Vanguard was one of six companies to score the worst possible — zero out of 30 — but drew particular ire for its size and lack of meaningful action. More than 100 organizations representing over 6 million people have released an open letter to Vanguard CEO Tim Buckley, also released Wednesday.
“With over $300 billion in fossil fuel investments, Vanguard has become increasingly isolated as the biggest climate laggard in the asset management sector,” the open letter reads.
“Vanguard is the second largest (and currently fastest growing) asset manager in the world after BlackRock, and these two giants are the two largest investors in the world in fossil fuels and companies driving deforestation around the world,” said Myriam Fallon, spokeswoman by The Sunrise Project, to environmental organization that supported the Reclaim Finance report.
“While BlackRock has taken steps to address the climate crisis and their contributions to it, Vanguard has done next to nothing,” Fallon said.
Vanguard views climate change “as a fundamental risk to many companies and the long-term financial success of their shareholders,” a company spokesman told CNBC. Additionally, the spokesperson added, it is Vanguard’s responsibility to ensure investors are aware of these risks and that portfolio companies are “taking the appropriate steps to manage and mitigate these risks on behalf of their shareholders.”
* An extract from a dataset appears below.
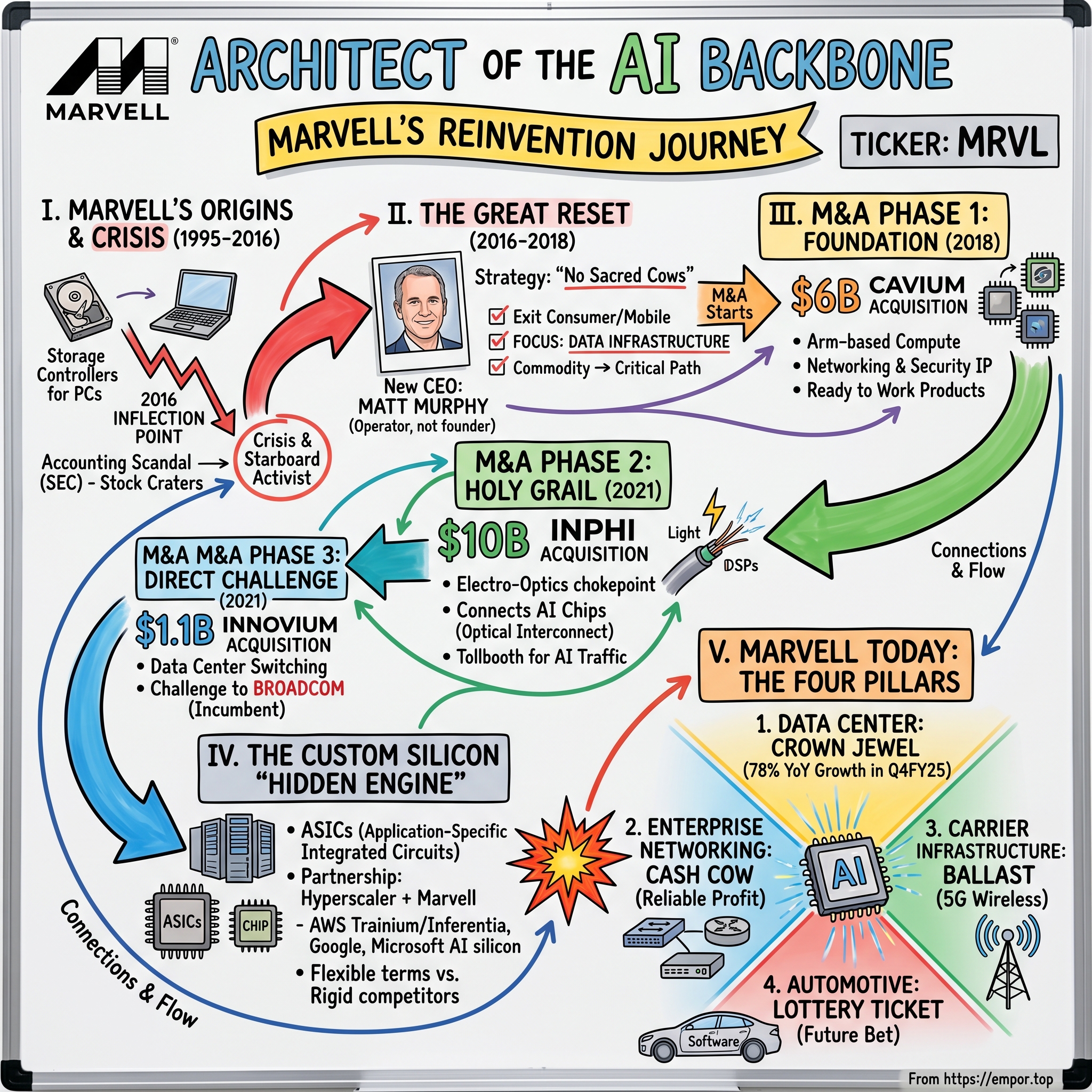 Marvell Technology visual story map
BlackRock CEO Larry Fink has been a leader in saying that climate change is a financial issue. “Climate change has become a critical factor in the long-term prospects of companies,” Fink wrote in his 2020 annual letter to CEOs. “But awareness is changing fast, and I think we’re on the brink of a fundamental transformation in finance.”
Even though BlackRock has been a climate catalyst on Wall Street, its investment portfolio still has climate issues, according to Reclaim Finance. “BlackRock embodies most of the hypocrisy of too many money managers: Despite being the largest member of the NZAM, it still invests in the 11th largest coal producer in the world and massive coal expansionist Glencore,” Cuvelier said.
BlackRock did not immediately respond to requests for comment.
This story has been updated to include comment from Vanguard.